Thursday, December 10, 2009

Continued identity crisis

(originally posted 10/26/09)

While this blog worries whether it is a design blog, an art blog, an “anything goes” blog (the weakest of the three), whether you would still love it if it were fat, I will post some watercolors:

These are all 15" by 20":






So many squares because I started each one based on observations of a square fan in the studio. From that starting point, several pictures, and a more or less successful dive into the subconscious, a good old-fashioned strive for the tension of illusionistic space and flatness, and also there's probably some subconscious Sharka coming through, with her Germanic love of rules—both the lines and the laws—and geometry.

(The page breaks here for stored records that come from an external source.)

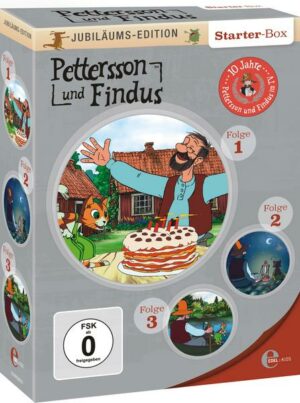 Pettersson und Findus - Folge 1-3 - Jubiläums-Edition/Starter-Box  [3 DVDs]
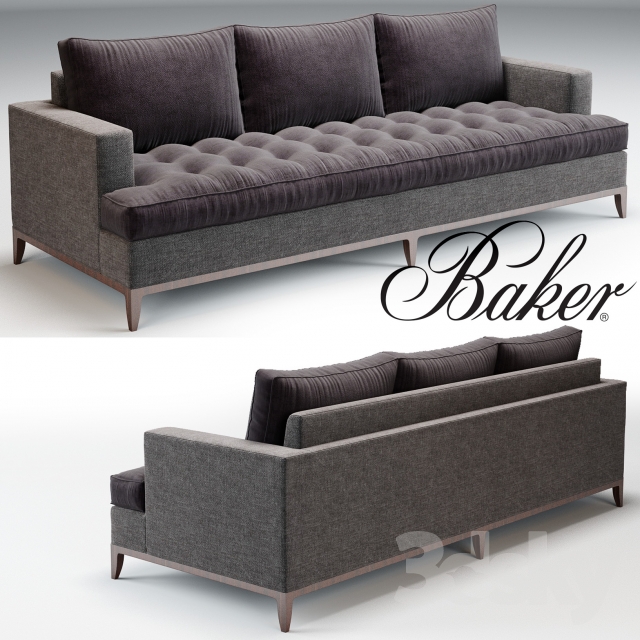 Baker Bennet Sofa No. 6567S 3DS Max - thumbnail 3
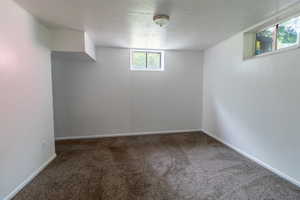 4th painted and carpeted bedroom downstairs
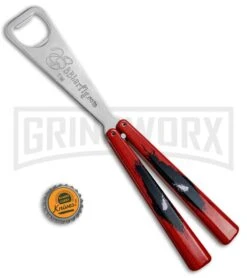BB Barfly Deadpool Bottle Opener Butterfly Trainer -Gerber Knives Store BB Barfly Bottle Opener Butterfly Trainer Deadpool BHQ 83041 jr bottlecap large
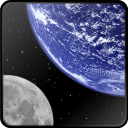 Earth and Moon icon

Some of these look like landscapes, which Sharka also seems to be working on, although hers are explicit amalgams of both psychological and physical landscapes. My third from the top is a city I think, although that one is certainly overpainted, and second from the top appears to be a romanticized image of the American West, which is strange since I don't particularly like Westerns, or the 19th Century generally. Can you dislike a century? In fact, the only movie depicting that time period I can recall liking is Dances With Wolves, but the frontier in that movie is the plains of the American Midwest, not the deserts further on. I think that’s a wigwam at the top, painted by accident. And actually it only became a wigwam after I turned the painting on its side.

Joyce’s main criticism of these two paintings is that I was not judicious in my use of color. She’s probably right. I am very much about watercolors now because of the speed with which you can cover the paper, and not the colors themselves. I think I was hoping that through an “arbitrary”, automatic use of color, some other accidents might surface that would reveal something the images and ambiguous spaces created by the forms and composition did not. But Joyce is right to point out a certain color-apathy may be showing more than any fruitful abandon, and, full disclosure here, I did choose colors based on value and not hue, which kind of like buying a swiss army knife for the knife only. It serves the purpose, but why not just use a plain utensil?